YOUR OBJECTIVE
Pictures excluded, retype the lines from the one containing "La reporter cinese" through the last line of the data below, both included.

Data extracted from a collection
--------------------------------------------------
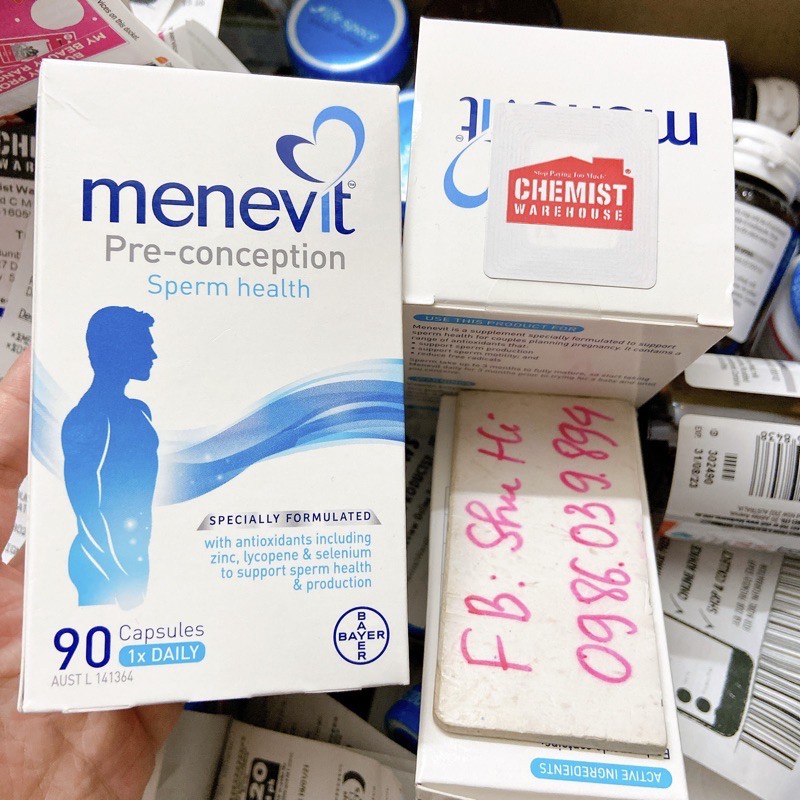 Viên Uống Menevit Nâng Cao Chất Lượng Tinh Trùng, Lọ 30 viên và 90 Viên Của Úc | BigBuy360 - bigbuy360.vn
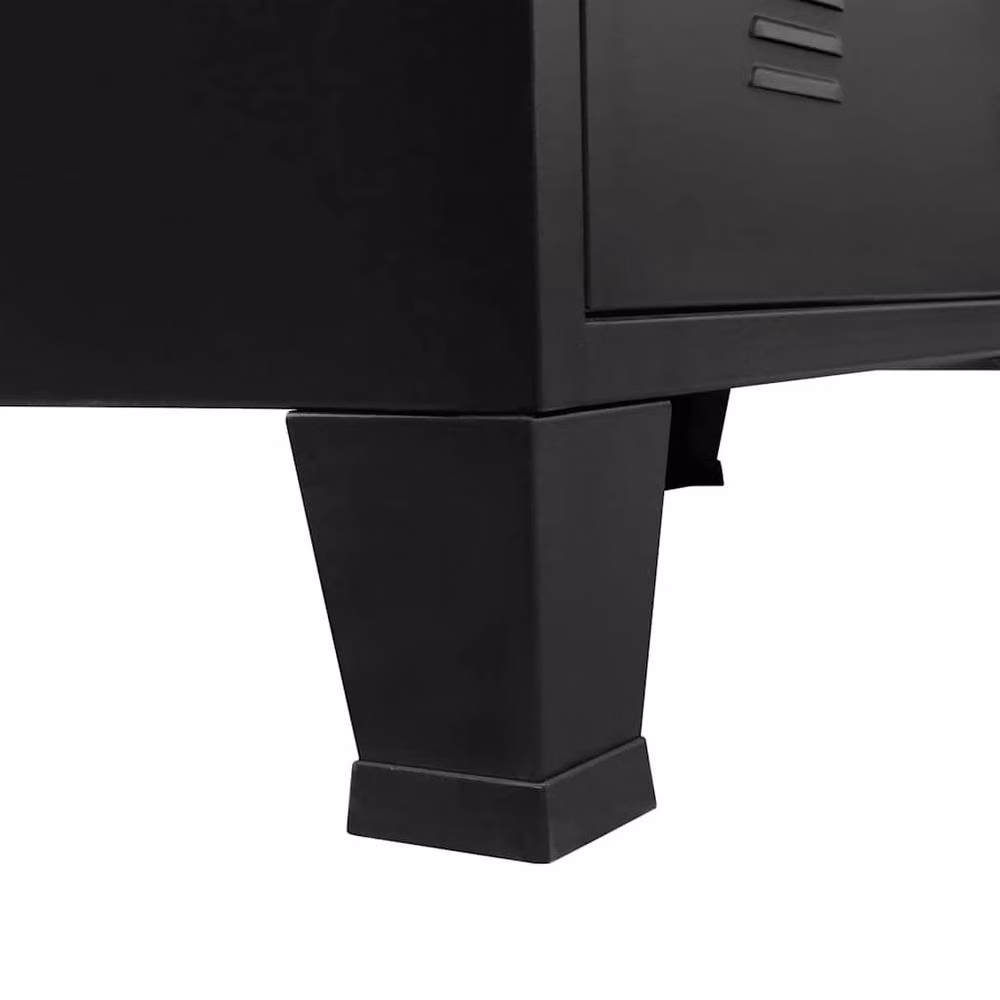 Berkfield Home Industrial Style Metal Chest of Drawers in Black, W/D/H: 78 x 40 x 93 cm – 6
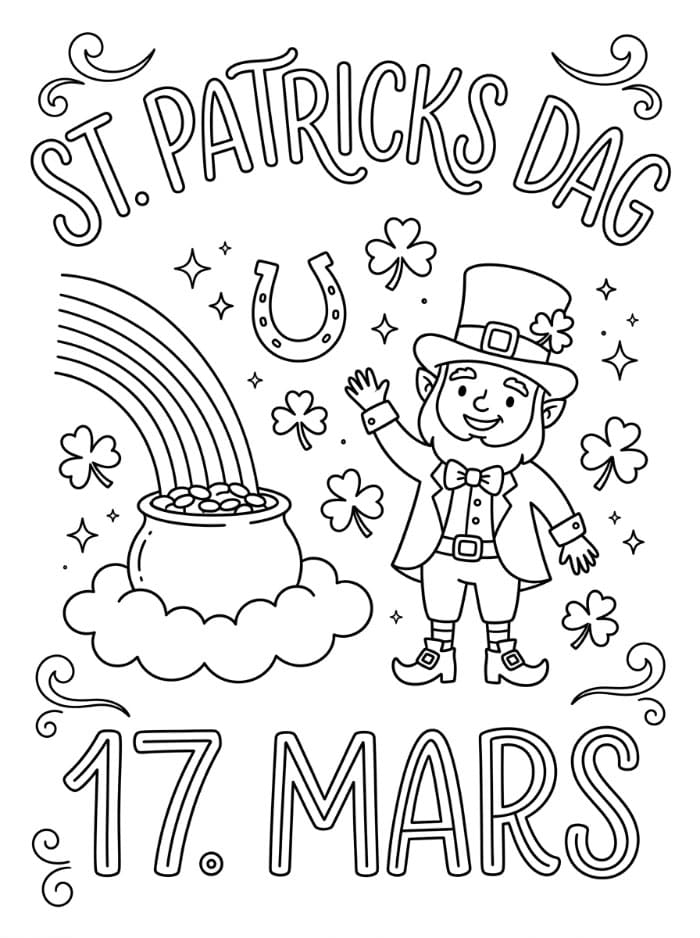 St. Patrick’s Day i mars fargelegging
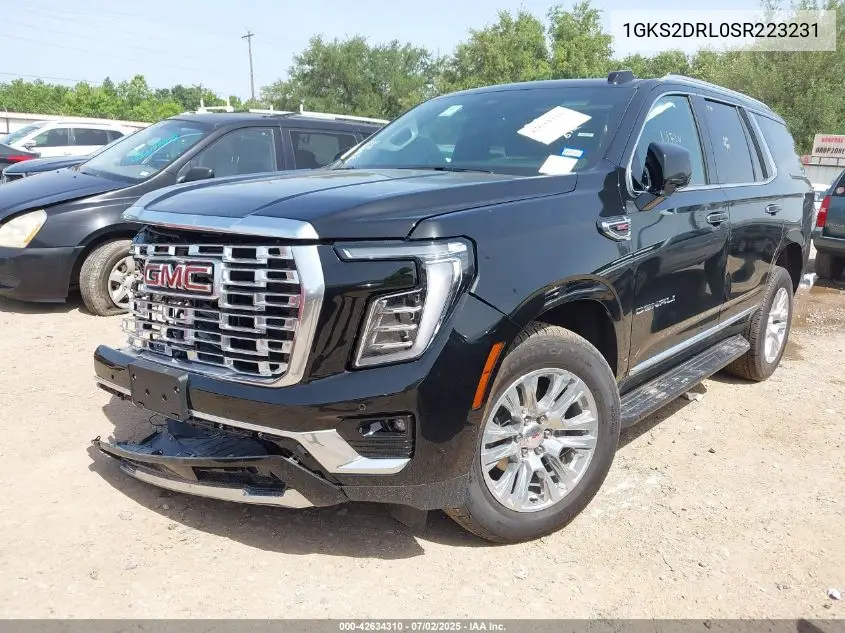 2025 GMC Yukon 4Wd Denali VIN: 1GKS2DRL0SR223231 Lot: 42634310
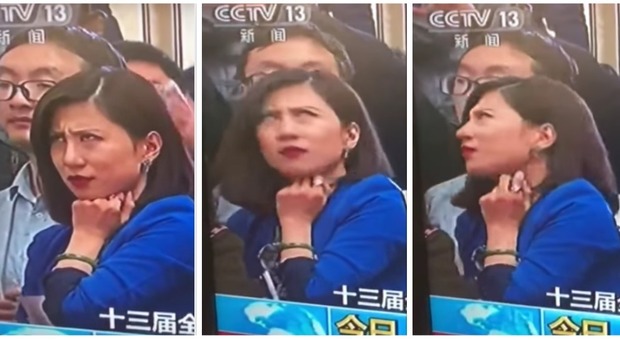 La reporter cinese alza gli occhi al cielo: "Domanda troppo lunga". E ora rischia il licenziamento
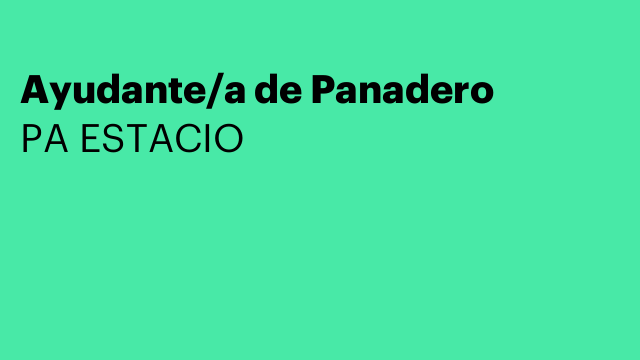 Ayudante/a de Panadero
--------------------------------------------------
THE COMPLETED TASK
 La reporter cinese alza gli occhi al cielo: "Domanda troppo lunga". E ora rischia il licenziamento
 Ayudante/a de Panadero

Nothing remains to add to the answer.